Simultaneously, they discovered you could generate much better quality if
you mastered the film directly off the camera negative rather than a print or
fine grain interpositive. Prints were third generation and IPs were second generation.
When you mastered off the negative it was 'the generation'...exactly what was
exposed through the camera lens. It contained all of the visual information. The
transfer machines would reverse the color so it became a positive image rather
than negative and by taping via some new 'dust busting' programs to remove general
wear and then additional frame by frame fixes you'd end up with a video master that
was actually sharper, finer grain and visually perfect. It looked better than the release
prints shown in theaters since they were third generation (negative to interpositive
to internegative to print).
While all these techniques were being developed, they improved the actual
pixel count. Early transfers were at 2K resolution. But they developed a 4K 
machine which made a major difference. There is a 6K machine that is available now.
Today, the vast majority of new releases are mastered, digitally cleaned up and
color corrected directly from the camera negative onto a HD 1080p tape master.
From that element the standard DVD anamorphically enhanced is bumped down. Both HD and standard def versions look identical except for the greater pixel count in the blu ray format. In comparison, if you put an old late nineties DVD into your player you 
would probably find it unwatchable in comparison. So that brings us back to the original
comment that unless you have a very large monitor or are projecting the DVD on a big
screen, the quality difference is only in the pixel count, not the image itself. So if the
studios want blu ray to become a mainstream consumer product, the prices have to 
reflect that. If the image is indentical between high def and standard def, the extra
cost of the added pixels shouldn't be a whopping $10-$15. I would say no more than
$5 between the two formats would be the high end figure if they want blu ray to eventually replace regular DVDs.
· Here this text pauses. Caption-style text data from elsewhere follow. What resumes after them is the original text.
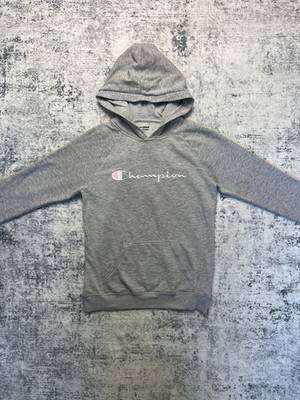 Champion Hoodie grau bestickt Emblem Kängurutasche Baumwollmischung Kinder L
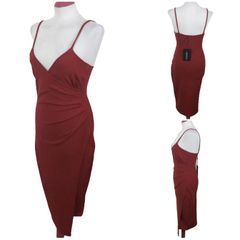 Pretty Little Thing Red Strappy Pencil Wrap Dress  Uk 10 BNWTS includes postage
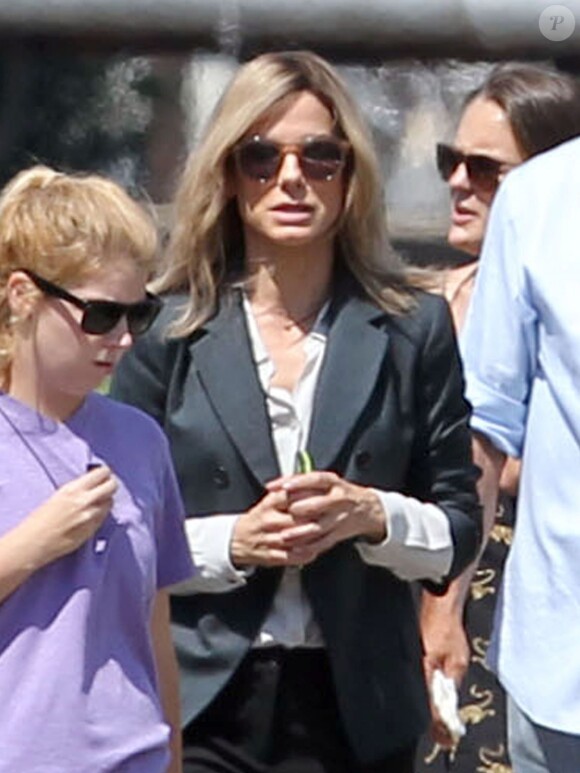 Exclusif - Sandra Bullock sur le tournage du film "Our Brand is Crisis" à la Nouvelle-Orleans, le 22 septembre 2014. Elle joue une consultante politique.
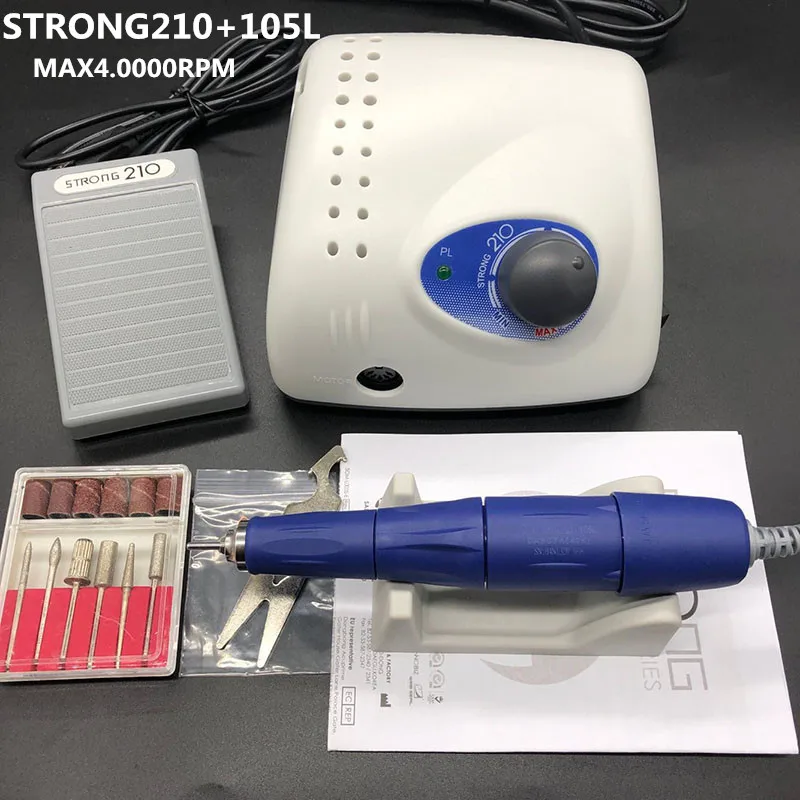 Authent Strong 210 65 Вт 40000 об/мин Электрический сверлильный станок для ногтей 105л 2,35 мм наконечник для педикюра пилочка для ногтей оборудование для дизайна ногтей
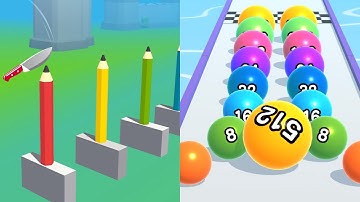 Slice it All Vs Ball Run 2048 🔥❤️‍🔥⚡️Very Satisfying And Relaxing ASMR Gameplay Android, iOS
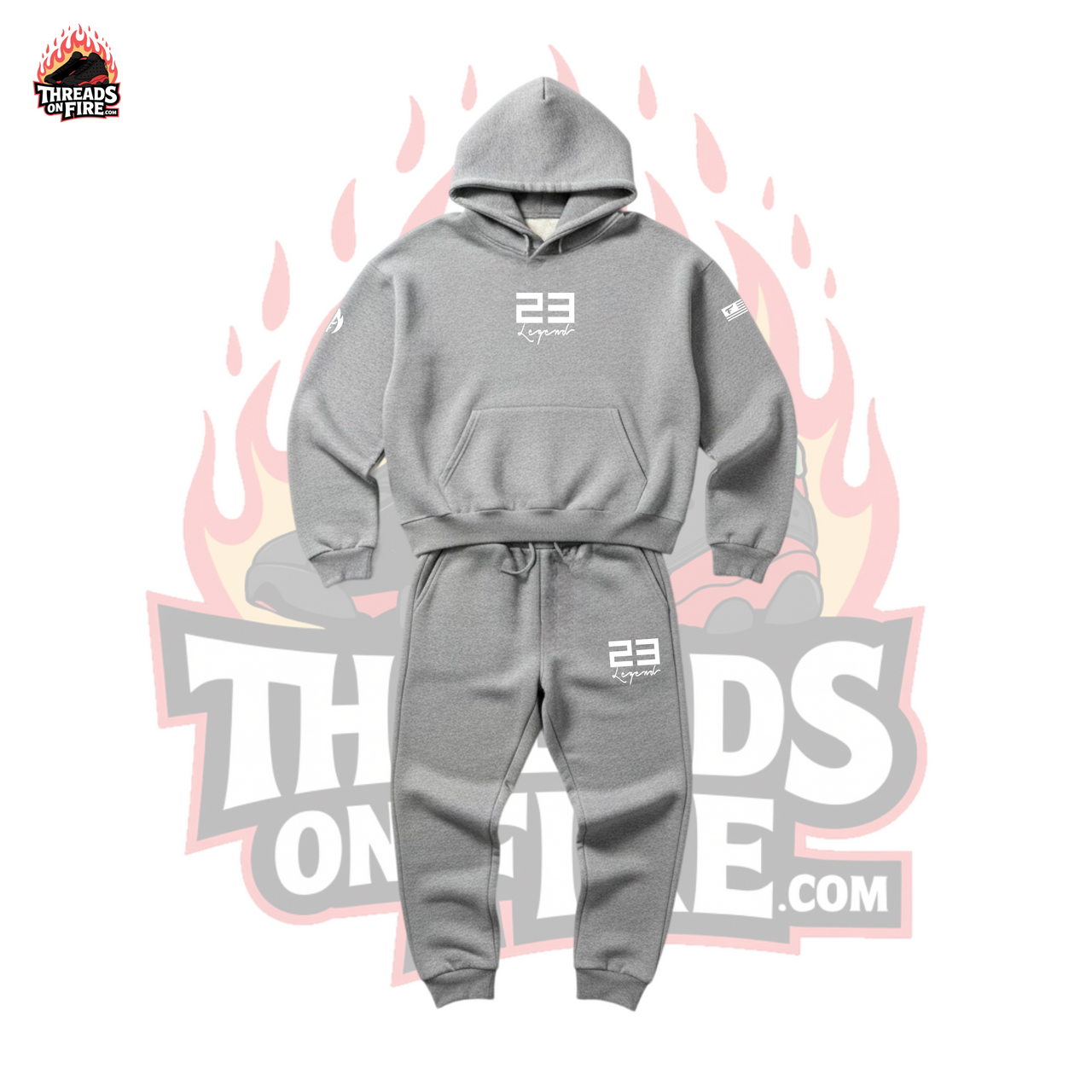 Grey 23 Legend Graphic Air Jordan 11 Cool Grey Inspired Sneaker Sweatsuit for Men Matching Hoodie and Joggers Set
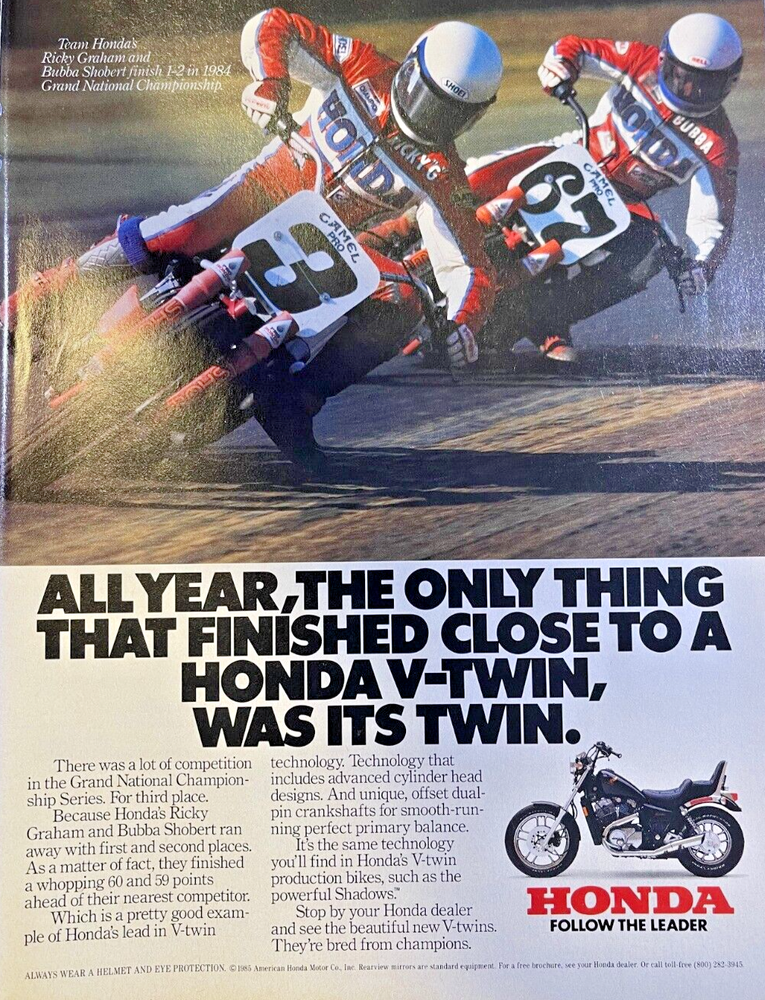 1985 Magazine Advertisement Honda V-Twin Motorcycles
I would actually prefer and advocate what Universal did in some of their HD DVD
releases like "Animal House". One side was high def and the opposite side was standard
DVD. Thus one disc could be used for both formats. While the initial cost of manufacturing a double sided disc in two formats would be higher, the bulk sales
of one disc in both formats would reduce the overall cost per unit in volume. That
might help establish the format. The brand name 'blu ray' was a bad choice too 
which is why have to explain that it means high definition in their promos. 
HD DVD was a much better brand name since it had the description in the title. 
But the industry totally screwed up the introduction of both formats. Some of 
the worst marketing desicions in the history of home entertainment. Machines
that were sold before the kinks were worked out, consumers forced to install upgrades
to play certain discs and rediculous prices. Not consumer friendly to say the least. 
Since I'm in the industry and market my movies in these formats, I have concluded
that the public is certainly interested in improving the quality of the discs...providing
it doesn't cost any more or the increase in cost is minor (a few dollars). But they
are not going to pay hundreds of dollars more to get a player and do not want to
pay a third more to buy the blu ray discs. Considering the improvement in standard
DVDs and economic recession (soon to get much worse), it isn't worth the expense. Let's see if the manufacturers learned anything from their mistakes...


----------



## tonyvdb (Sep 5, 2007)

Richard, Thanks so much for the great info I learn so much from your posts:T
Your note about movies looking good on DVD is so bang on. I have Lethal weapon on DVD and just bought the first one on HD DVD and the other two on Blu. and must say the quality was substantially better compared to the DVD.
I'm looking forward to the entire Star wars series to be released on BluRay I bet that will be just amazing to see.


----------



## Richard W. Haines (Jul 9, 2007)

tonyvb,

Thank you Tony. I think I'm looking forward to the blu ray of the original
"Star Wars" trilogy. The question is...which version will it be? I lost track
since it appears to have been a 'work in progress' since 1977. The best case
scenario (which is unlikely) would be to release all of the versions as they
did with the blu ray of "Close Encounters" in the format. I just got it discount
at Walmart for $30. Also just bought the original "Planet of the Apes" in blu
ray for list price at Bestbuy. Screening them should be interesting since the
Apes film was in the classic studio style of cinematography and Close Encounters
was definately the 'New Hollywood' look visually although not in content which
was family oriented, not counter-culture.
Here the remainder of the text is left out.